Morris grew up outside of Chicago on a rambling 10-acre farm. Her parents moved north from Houston, looking to shed some of the racism they encountered in the South. They settled in Chicago in the 1950s and then decamped to the country, raising Morris and her three siblings in Pembroke, Illinois.

Morris’ father was Baptist, but her mother was Catholic, and her parents made certain the children were raised in the Catholic faith and educated in Catholic schools. Morris and her siblings attended Catholic school for a decade.

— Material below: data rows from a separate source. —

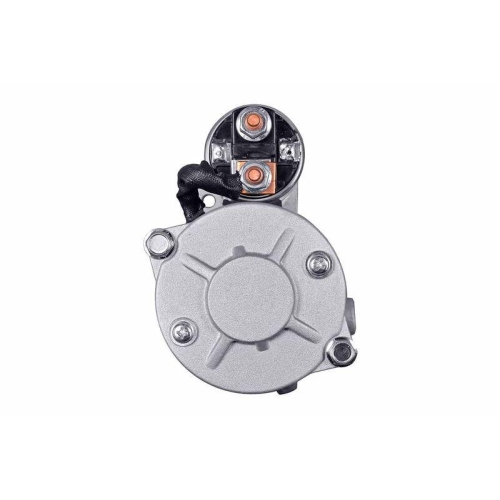 HELLA Starter 8EA 011 610-671 für MITSUBISHI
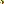 Destellos dst-4171348
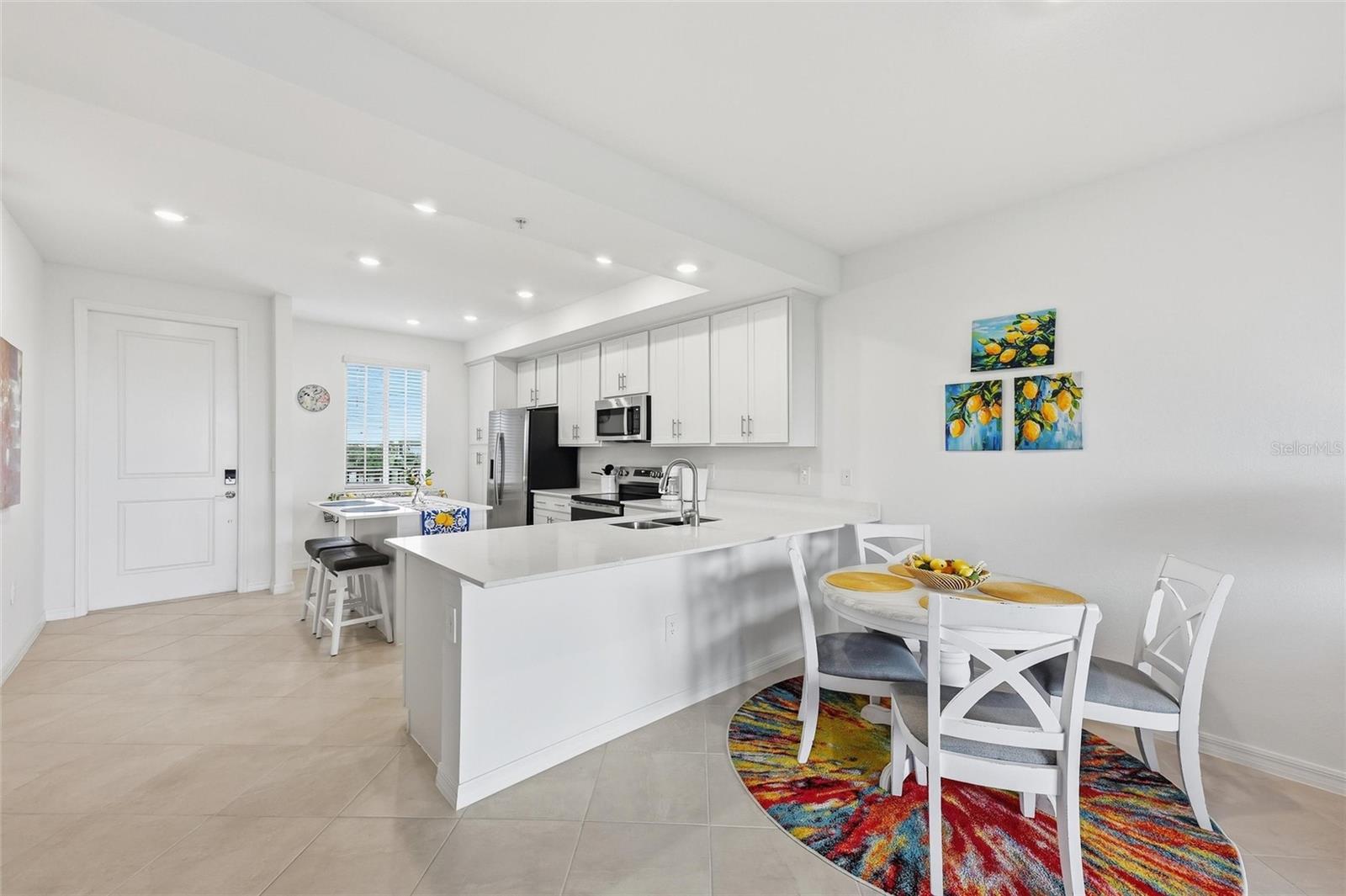 17625 OPAL SAND DR #304 — photo 15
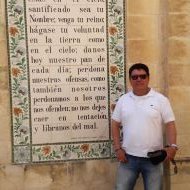 Alberto1963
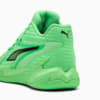 Image PUMA Tênis de Basquete The Dagger Unissex #3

“I think about what a sacrifice that was for my parents, to have four kids in Catholic school, the kind of commitment to make that happen,” she said. She and her family helped clean the church to offset the cost of tuition.

Morris said that the rhythms of Catholic school life in the 1960s and 1970s, daily Mass, women religious in the classroom, how the faith underscored everything, gave her insights into the woman she would grow up to be.

She found theater in grade school, and it would be a lifelong love of hers. But, as an African-American child, she wasn’t cast as Cinderella or Snow White.

“Those parts weren’t open to a little chocolate girl who lived in a Black community,” she recalled. “So, I was always looking for ways to express myself.”

At Bishop McNamara High School in Kankakee, Illinois, she was a co-founder of the school’s first Afro-American Club, which sought to provide a space for the school’s Black students to embrace their heritage, and also share that culture with the whole student body.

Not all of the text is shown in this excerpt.